— Task description —
With all pictures omitted, return verbatim the lines from the beginning of the records below through the line containing "Hey guys, Cassie".

================

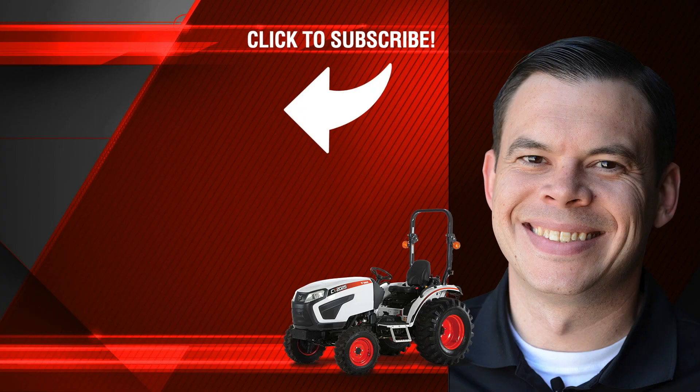So when you're looking for a quality product with reliable service, please consider a Bobcat tractor. Subscribe to our YouTube channel for more tractor videos.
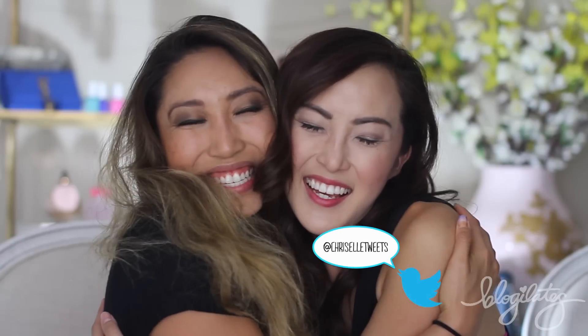Hey guys, Cassie here, and today I have a very special guest with me, Ms. Criselle Lu. So good to see you, Criselle. I know, I'm so excited to be here with you. Oh my goodness!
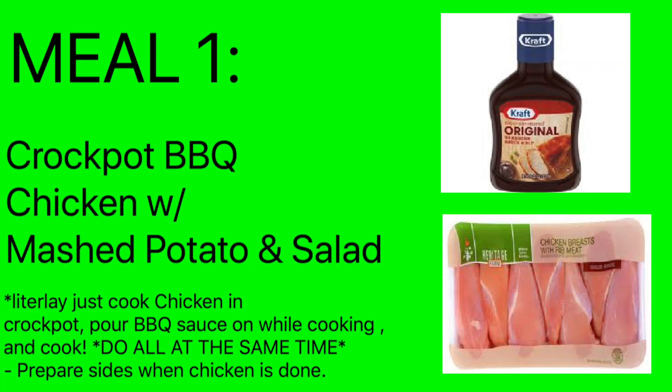You're going to notice a trend in each meal: there's going to be a meat in all of them, a vegetable, and then a side of carbs. The first meal this week is a crockpot meal — this is by far what you all requested. I'm no gourmet cook or anything, but this is so simple. It's crockpot barbecue chicken.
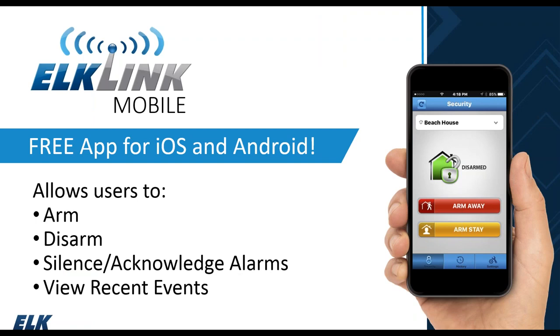The app is available for iOS and Android. You'll be able to arm and disarm, silence and acknowledge alarms, view recent events, and it also supports push notifications to your device.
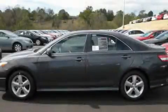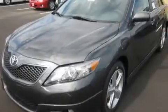This is a brand new 2011 Toyota Camry. It features a 2.5-liter 4-cylinder engine and an automatic transmission.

================

— Solution for this task —
So when you're looking for a quality product with reliable service, please consider a Bobcat tractor. Subscribe to our YouTube channel for more tractor videos.
Hey guys, Cassie here, and today I have a very special guest with me, Ms. Criselle Lu. So good to see you, Criselle. I know, I'm so excited to be here with you. Oh my goodness!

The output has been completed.